Winner: Google Nexus Tablet
The Kindle Fire features a decent design (although there are some who consider it to be waaaay too Blackberry Playbook-esque for their liking), with a soft-touch plastic case on the back and sides and a rectangular shape. The Nexus 7 tablet isn't the sexiest tablet around, that's for sure. We must also mention that the tablet is lighter than the Kindle Fire. We'll have to wait to get our hands on a Nexus 7 to properly judge its build quality, but the tablet certainly looked awesome during the official presentation.
Winner: Since the Kindle Fire’s design isn't actually that bad, and considering the fact that looks are subjective, we’ll call this one a draw!
The Kindle Fire is currently priced at $199, while the Google Nexus tablet will set you back $199 for the 8GB version. In addition, Google will throw in $25 for spending in the Play store as well as a bundle of free premium content, including the Transformers: Dark of the Moon movie. A 16GB version of the Nexus 7 is also available for $249.

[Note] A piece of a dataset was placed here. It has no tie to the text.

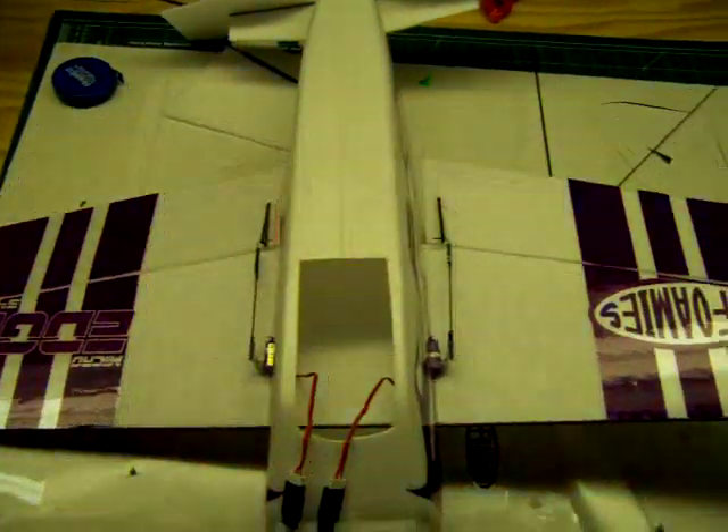Alright, quick demonstration of what's happening here. I got all my linkages hooked up as they're supposed to.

The Nexus 7 will be released in mid July in the US, the UK, Australia and Canada, with more countries to be added to the list in the near future.
Winner: Google Nexus 7
Note: Many expect Amazon to lower the price for a Kindle Fire now that the Nexus Tablet has been announced. Although this is the way the market usually evolves, I wouldn't count on a significant price cut, given that Amazon doesn't make a lot of profit from the tab itself (some reports claim that the components cost roughly around $160-$180).
Before Amazon fans start bashing up on this article for comparing a 6-month old tablet against one that was just announced, let me just say that I have nothing against Amazon and their business, as I have only compared two tablets that are currently equally priced. Until Amazon steps up and releases the Kindle Fire 2 (some rumors claim that will happen during July, although there would probably have been a lot more leaks about it if that were the case), the Kindle Fire and the Google Nexus are direct competitors. And the Nexus 7 turns out to be significantly better in all departments.
Google did a perfect job in delivering a budget tablet. From where I'm standing, this is the first Android tablet that really counts!